# Saved data entries:

◇ ◇ ◇ ◇ ◇

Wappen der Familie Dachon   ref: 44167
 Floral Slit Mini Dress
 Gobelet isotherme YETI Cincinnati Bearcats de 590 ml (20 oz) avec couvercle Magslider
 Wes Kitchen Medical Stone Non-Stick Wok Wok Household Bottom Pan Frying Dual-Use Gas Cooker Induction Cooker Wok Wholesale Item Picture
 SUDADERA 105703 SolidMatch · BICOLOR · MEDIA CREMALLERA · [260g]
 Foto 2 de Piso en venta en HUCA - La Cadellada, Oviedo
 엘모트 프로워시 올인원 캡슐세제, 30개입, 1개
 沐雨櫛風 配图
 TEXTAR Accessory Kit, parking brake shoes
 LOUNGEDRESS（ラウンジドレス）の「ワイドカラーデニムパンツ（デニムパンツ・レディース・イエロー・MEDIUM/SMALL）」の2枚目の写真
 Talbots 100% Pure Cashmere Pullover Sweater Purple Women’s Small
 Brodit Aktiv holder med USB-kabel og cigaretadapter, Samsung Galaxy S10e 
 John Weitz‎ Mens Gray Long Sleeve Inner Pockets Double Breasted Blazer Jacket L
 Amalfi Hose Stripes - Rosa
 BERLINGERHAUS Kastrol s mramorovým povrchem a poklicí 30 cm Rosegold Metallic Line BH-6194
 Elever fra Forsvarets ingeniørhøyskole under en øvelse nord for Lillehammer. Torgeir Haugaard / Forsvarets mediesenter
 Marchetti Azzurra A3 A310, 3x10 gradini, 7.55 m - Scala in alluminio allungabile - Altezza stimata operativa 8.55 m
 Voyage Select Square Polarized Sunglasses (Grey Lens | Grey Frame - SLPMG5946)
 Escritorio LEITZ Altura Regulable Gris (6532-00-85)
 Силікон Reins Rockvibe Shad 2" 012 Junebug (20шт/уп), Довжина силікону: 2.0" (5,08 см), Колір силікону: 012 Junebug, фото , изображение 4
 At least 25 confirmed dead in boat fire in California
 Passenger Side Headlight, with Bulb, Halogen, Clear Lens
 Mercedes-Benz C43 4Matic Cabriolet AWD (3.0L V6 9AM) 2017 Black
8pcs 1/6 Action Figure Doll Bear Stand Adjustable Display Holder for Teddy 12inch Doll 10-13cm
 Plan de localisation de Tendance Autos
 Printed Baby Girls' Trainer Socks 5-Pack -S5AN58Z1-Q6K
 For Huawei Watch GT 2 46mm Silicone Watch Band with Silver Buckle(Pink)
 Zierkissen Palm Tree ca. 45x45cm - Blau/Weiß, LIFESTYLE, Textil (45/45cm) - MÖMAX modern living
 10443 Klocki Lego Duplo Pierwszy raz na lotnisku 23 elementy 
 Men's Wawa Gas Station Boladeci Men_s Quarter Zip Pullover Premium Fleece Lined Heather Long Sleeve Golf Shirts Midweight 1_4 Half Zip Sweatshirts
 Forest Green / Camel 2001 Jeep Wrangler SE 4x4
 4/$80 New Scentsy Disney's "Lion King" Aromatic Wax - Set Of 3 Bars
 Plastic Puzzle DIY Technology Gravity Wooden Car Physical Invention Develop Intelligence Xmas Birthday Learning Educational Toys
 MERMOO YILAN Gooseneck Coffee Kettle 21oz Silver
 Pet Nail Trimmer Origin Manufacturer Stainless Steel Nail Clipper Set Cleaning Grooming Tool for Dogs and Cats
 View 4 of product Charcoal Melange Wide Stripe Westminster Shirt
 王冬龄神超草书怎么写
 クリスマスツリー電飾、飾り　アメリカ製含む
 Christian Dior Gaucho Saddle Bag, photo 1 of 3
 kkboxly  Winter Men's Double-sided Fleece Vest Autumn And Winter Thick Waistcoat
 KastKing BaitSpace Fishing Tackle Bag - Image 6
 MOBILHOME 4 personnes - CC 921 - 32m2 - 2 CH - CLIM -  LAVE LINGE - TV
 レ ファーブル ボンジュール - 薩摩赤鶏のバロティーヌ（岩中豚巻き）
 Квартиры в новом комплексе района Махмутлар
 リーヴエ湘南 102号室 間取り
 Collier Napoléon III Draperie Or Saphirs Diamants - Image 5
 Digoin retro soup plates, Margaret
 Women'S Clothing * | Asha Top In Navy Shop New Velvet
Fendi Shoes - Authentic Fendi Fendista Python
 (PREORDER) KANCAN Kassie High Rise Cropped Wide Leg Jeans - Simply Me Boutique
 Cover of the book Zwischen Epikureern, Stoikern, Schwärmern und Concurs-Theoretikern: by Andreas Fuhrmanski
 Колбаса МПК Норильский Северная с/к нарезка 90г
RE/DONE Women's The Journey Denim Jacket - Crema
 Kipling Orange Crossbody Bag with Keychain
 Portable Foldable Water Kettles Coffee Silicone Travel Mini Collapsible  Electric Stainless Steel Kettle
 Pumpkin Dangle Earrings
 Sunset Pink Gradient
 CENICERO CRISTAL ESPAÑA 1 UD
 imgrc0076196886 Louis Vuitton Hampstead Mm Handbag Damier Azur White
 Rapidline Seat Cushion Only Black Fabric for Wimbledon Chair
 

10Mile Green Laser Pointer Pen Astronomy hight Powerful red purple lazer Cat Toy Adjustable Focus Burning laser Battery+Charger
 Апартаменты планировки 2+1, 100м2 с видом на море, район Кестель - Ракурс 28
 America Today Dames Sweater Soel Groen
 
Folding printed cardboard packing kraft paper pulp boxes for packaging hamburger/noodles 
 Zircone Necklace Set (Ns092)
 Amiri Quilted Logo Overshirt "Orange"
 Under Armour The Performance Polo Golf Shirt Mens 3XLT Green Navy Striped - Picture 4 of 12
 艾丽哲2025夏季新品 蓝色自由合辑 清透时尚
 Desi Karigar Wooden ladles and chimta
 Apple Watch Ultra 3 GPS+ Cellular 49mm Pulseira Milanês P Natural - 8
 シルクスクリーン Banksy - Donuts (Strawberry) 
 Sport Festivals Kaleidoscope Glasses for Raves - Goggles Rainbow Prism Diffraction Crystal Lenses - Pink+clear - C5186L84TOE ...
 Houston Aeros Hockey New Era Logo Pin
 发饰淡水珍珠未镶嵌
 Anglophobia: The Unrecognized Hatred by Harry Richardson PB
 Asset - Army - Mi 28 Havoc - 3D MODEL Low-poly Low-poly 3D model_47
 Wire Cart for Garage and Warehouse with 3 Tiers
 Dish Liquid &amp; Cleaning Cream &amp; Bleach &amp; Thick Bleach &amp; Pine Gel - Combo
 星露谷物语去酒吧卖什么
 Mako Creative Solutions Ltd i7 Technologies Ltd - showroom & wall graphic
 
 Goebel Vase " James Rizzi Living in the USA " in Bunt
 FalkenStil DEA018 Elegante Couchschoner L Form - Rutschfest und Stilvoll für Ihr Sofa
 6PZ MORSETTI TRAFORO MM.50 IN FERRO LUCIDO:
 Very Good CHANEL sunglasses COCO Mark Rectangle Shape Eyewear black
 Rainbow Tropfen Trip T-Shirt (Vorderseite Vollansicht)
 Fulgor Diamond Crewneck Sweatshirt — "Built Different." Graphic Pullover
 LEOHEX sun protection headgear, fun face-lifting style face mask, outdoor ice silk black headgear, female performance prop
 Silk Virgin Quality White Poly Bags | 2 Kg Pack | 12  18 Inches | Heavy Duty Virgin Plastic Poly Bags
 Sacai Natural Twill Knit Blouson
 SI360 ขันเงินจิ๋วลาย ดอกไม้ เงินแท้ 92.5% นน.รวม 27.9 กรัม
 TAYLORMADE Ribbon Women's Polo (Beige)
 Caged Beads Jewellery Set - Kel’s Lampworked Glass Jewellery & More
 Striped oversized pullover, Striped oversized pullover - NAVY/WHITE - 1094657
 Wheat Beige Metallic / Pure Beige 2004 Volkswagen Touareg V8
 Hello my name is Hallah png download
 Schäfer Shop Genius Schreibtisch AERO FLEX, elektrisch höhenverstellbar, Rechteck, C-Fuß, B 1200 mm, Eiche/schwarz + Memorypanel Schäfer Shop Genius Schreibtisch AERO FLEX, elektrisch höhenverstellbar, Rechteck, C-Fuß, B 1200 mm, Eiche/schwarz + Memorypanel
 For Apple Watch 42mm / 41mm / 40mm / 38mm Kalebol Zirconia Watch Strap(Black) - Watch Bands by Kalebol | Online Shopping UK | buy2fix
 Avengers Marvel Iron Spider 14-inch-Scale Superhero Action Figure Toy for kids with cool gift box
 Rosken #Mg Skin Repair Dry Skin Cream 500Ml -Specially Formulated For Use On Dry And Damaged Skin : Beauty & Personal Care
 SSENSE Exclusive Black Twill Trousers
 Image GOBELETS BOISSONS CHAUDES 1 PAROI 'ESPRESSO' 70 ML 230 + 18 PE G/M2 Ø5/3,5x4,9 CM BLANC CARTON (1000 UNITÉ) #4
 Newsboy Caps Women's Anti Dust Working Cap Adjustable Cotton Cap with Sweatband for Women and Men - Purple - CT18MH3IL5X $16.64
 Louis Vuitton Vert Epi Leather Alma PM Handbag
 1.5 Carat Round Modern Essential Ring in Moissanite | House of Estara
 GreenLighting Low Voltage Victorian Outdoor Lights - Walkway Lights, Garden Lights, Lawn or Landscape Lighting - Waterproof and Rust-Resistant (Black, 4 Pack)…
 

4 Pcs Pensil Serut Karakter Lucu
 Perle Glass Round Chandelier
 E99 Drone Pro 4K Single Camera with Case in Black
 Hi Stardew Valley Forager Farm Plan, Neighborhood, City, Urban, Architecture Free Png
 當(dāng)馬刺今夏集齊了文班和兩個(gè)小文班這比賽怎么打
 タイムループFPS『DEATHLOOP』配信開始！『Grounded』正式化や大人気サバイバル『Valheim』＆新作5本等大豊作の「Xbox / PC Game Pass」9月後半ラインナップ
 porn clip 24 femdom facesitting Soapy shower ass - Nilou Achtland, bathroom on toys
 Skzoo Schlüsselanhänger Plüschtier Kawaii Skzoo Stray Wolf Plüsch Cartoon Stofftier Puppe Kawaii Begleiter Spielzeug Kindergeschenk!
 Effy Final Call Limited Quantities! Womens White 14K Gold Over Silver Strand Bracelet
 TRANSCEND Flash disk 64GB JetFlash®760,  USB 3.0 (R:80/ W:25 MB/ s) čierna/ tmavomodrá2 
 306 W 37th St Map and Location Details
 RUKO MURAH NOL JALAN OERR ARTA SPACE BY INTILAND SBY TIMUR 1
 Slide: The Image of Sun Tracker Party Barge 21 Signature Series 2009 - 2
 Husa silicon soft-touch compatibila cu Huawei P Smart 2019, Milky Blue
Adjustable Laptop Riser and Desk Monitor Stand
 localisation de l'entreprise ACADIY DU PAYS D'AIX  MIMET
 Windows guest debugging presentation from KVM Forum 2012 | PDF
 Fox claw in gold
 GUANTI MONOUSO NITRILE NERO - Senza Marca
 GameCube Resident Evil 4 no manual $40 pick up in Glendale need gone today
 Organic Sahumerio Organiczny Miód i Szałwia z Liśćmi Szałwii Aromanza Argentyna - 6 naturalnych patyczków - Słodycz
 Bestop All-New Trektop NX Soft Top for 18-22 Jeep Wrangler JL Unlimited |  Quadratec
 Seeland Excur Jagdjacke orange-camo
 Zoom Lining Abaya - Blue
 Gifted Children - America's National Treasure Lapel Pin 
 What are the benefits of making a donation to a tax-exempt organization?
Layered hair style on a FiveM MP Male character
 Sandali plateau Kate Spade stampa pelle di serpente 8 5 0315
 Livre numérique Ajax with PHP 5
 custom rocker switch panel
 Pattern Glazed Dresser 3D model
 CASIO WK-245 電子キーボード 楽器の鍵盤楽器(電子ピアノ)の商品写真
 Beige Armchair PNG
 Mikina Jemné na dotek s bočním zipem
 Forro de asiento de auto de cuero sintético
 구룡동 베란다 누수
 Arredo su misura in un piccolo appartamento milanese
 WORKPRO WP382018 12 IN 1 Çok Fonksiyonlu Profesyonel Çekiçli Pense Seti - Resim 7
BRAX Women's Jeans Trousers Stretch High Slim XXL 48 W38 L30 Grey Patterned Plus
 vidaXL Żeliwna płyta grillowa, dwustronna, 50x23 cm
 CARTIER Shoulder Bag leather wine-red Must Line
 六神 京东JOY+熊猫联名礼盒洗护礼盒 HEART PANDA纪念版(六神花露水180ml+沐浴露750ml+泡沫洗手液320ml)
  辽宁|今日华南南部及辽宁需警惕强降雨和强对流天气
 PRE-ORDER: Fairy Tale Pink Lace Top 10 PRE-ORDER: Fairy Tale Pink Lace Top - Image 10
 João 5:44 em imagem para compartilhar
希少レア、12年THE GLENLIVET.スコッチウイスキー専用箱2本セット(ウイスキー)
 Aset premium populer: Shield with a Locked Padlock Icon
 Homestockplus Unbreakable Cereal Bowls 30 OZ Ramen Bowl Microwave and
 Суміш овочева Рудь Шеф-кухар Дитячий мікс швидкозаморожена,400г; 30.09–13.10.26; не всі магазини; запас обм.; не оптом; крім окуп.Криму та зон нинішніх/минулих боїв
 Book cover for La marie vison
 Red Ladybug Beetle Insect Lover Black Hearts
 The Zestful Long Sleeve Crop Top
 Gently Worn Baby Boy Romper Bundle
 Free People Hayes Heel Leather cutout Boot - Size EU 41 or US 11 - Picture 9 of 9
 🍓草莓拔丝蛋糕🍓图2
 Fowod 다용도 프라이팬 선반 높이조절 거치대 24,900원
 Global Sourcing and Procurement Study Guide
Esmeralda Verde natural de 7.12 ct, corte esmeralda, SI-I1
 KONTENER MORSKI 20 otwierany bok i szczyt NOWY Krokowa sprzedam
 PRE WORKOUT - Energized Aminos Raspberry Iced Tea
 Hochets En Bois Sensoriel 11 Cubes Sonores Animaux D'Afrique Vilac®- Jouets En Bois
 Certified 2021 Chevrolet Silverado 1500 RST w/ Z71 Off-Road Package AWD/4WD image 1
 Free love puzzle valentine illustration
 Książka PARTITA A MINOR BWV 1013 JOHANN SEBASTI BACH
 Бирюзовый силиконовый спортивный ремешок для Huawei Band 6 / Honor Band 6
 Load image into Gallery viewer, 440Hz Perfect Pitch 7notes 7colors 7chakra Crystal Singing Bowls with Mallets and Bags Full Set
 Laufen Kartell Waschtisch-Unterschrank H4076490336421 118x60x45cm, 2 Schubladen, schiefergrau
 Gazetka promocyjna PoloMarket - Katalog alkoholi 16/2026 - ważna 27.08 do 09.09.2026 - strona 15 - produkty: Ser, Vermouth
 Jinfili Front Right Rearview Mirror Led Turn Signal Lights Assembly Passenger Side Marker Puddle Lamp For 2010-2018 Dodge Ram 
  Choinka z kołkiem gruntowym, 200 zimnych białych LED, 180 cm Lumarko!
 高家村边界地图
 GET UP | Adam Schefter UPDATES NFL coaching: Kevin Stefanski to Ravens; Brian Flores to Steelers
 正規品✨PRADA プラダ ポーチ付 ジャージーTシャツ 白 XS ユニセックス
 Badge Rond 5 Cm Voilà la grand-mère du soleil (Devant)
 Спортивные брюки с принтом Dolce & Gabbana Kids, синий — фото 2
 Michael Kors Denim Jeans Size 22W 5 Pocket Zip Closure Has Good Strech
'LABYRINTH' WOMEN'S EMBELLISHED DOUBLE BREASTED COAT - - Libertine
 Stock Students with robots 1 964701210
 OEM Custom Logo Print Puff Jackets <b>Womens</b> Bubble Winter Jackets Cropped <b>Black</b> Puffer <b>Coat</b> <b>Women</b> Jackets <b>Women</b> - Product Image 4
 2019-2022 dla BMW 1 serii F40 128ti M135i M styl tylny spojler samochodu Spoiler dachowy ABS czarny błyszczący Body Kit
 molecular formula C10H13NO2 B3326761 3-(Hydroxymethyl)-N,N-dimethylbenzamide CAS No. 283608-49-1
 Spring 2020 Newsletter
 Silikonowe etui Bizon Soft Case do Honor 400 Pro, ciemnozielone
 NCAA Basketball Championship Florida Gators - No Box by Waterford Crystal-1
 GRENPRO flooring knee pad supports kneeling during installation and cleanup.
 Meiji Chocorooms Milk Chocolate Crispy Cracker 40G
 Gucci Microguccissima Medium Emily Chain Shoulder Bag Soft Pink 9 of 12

◇ ◇ ◇ ◇ ◇

# What you need to do:
Please return exactly the lines that run from the line with "GRENPRO flooring knee" through the end of the records above, both included, and nothing more.

# Reply:
 GRENPRO flooring knee pad supports kneeling during installation and cleanup.
 Meiji Chocorooms Milk Chocolate Crispy Cracker 40G
 Gucci Microguccissima Medium Emily Chain Shoulder Bag Soft Pink 9 of 12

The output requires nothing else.